Nikolau (2014) stelt vast dat oudere werkzoekenden meer actief zijn op LinkedIn en jongere werkzoekenden op Facebook. Hier wordt niet specifiek naar gevraagd in de interviews, maar uit de interviews kan wel afgeleid worden dat jongeren ook steeds meer gebruik maken van LinkedIn om zich te profileren. We zien wel dat de HR-verantwoordelijken voornamelijk gebruik maken van Facebook om zich specifiek te richten op de jongeren. Enkele oudere HR-verantwoordelijken vermeldden ook dat zij niet echt voeling hebben met sociale media waardoor zij het gebruik hiervan niet stimuleren, het is dus opvallend dat leeftijd ook invloed heeft op het gebruik van sociale media. Dit bevestigt ook het onderzoek van Nikolau (2014) waaruit voortvloeit dat oudere werkzoekenden minder gebruik zullen maken van sociale media en eerder de traditionele kanalen zullen opzoeken om een job te zoeken. Dit academisch onderzoek (Nikolau, 2014) toont aan dat jongere werkzoekenden vaker gebruik maken van sociale media en hier meer tijd op doorbrengen. Dit wordt ook duidelijk in het empirisch onderzoek waarbij enkele HRverantwoordelijken aangeven dat ze sociale media gebruiken om te zoeken naar jongeren. Dit zorgt er wel voor dat het belang van sociale media in het rekruteringsproces zal blijven toenemen, aangezien steeds meer en meer jongeren op de jobmarkt komen en gebruik zullen maken van sociale media om een job te vinden.
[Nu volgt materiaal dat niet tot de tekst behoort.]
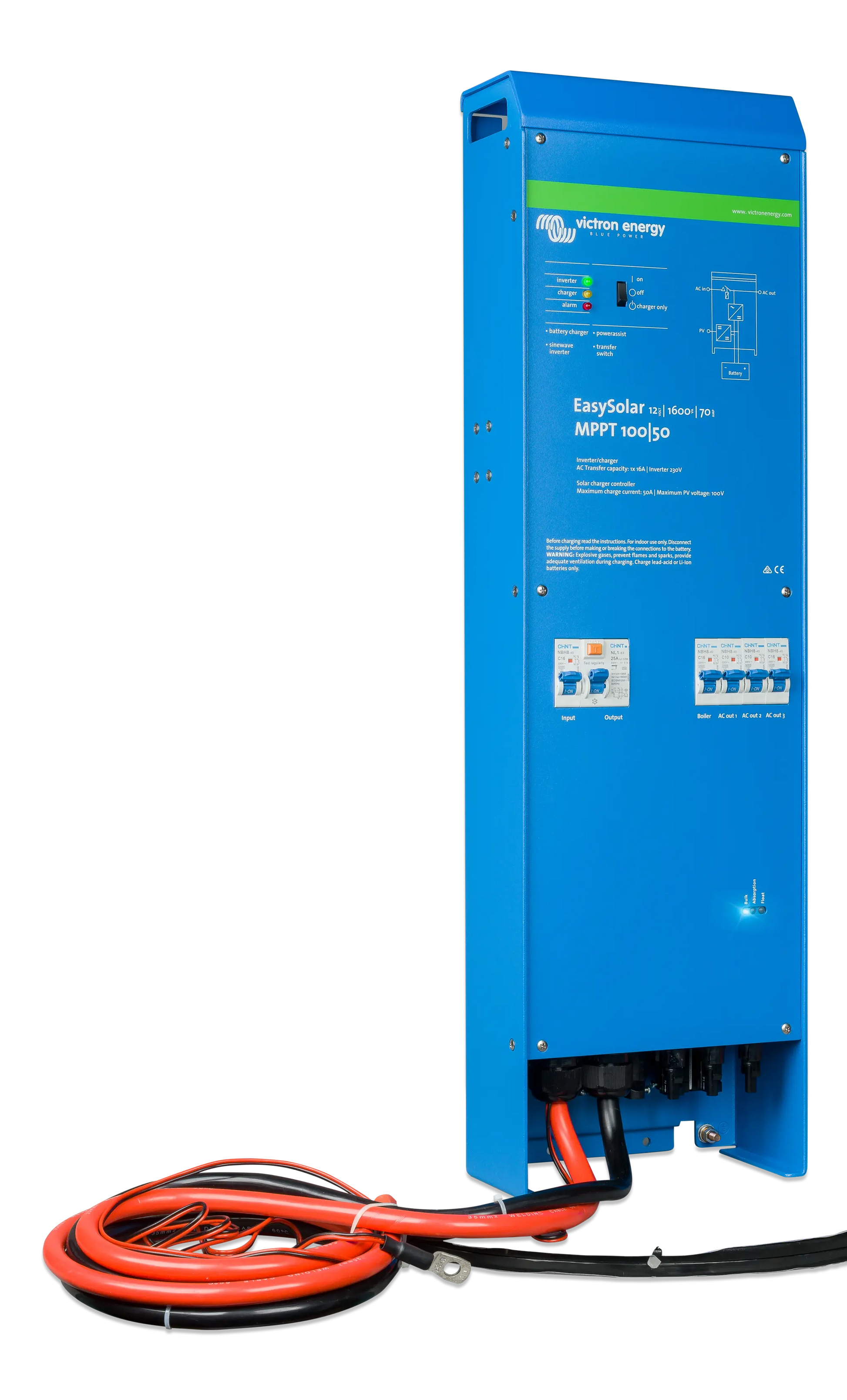 Blue power inverter with cables on a white background
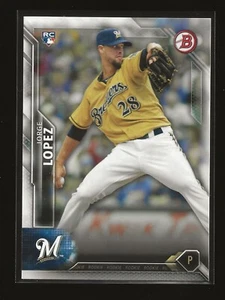 2016 Bowman Jorge Lopez Milwaukee Brewers Rookie RC (#146) - Bild 1 von 2
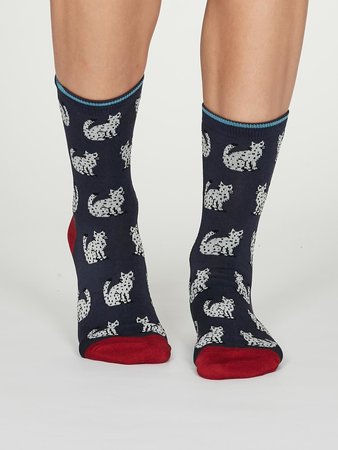 bamboe Kitty indigo sokken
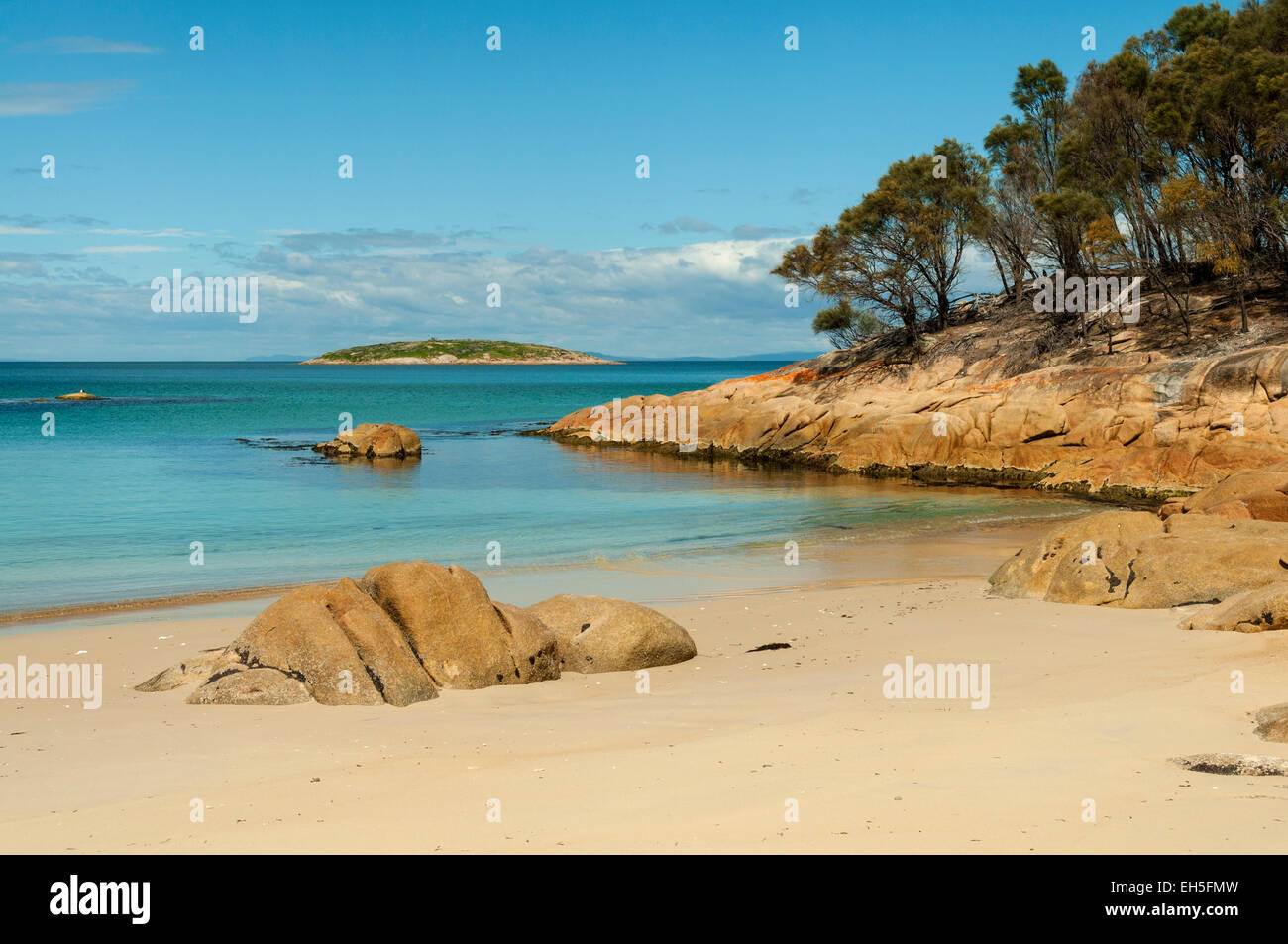 Fleurieu Punkt Gefahren Strand, Freycinet NP, Tasmanien, Australien Stockfoto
Een andere bevinding uit het onderzoek van Nikolau (2014) wordt tegengesproken door het empirisch onderzoek. Nikolau (2014) vermeldt in zijn onderzoek dat oudere HR-verantwoordelijken vooral gebruik zullen maken van LinkedIn om jobs bekend te maken en dat jongere HR-verantwoordelijken geneigd zijn om eerder Facebook te gebruiken. Uit het empirisch onderzoek blijkt dat dit niet het geval is, zowel jongere als oudere HR-verantwoordelijken maken voornamelijk gebruik van LinkedIn om vacatures te plaatsen en zullen deze beslissing laten afhangen van het soort profiel.
Uit de semi-gestructureerde interviews blijkt dat LinkedIn makkelijker is dan Facebook om nieuwe connecties te maken en een professioneel netwerk uit te bouwen. Dit wordt dus gezien als een professioneel georiënteerde SNW. Dit wordt bevestigd door de academische literatuur (Nikolau, 2014), waaruit blijkt dat LinkedIn uitgebreide professionele netwerkmogelijkheden biedt. Het empirisch onderzoek bevestigt de bevinding van Savulescu & Mihalcea (2013) dat LinkedIn de laatste jaren aan belang wint en als een apart rekruteringsinstrument gezien wordt.
Uit het onderzoek van Savulescu & Mihalcea (2013) staat dat LinkedIn voornamelijk gebruikt wordt voor het zoeken en contacteren van kandidaten, het bijhouden van potentiële kandidaten, het posten van beschikbare jobs en het uitvoeren van een background check van een kandidaat voor een interview. Uit het empirisch onderzoek blijkt dat de meeste HR-verantwoordelijken LinkedIn ook op die manier gebruiken.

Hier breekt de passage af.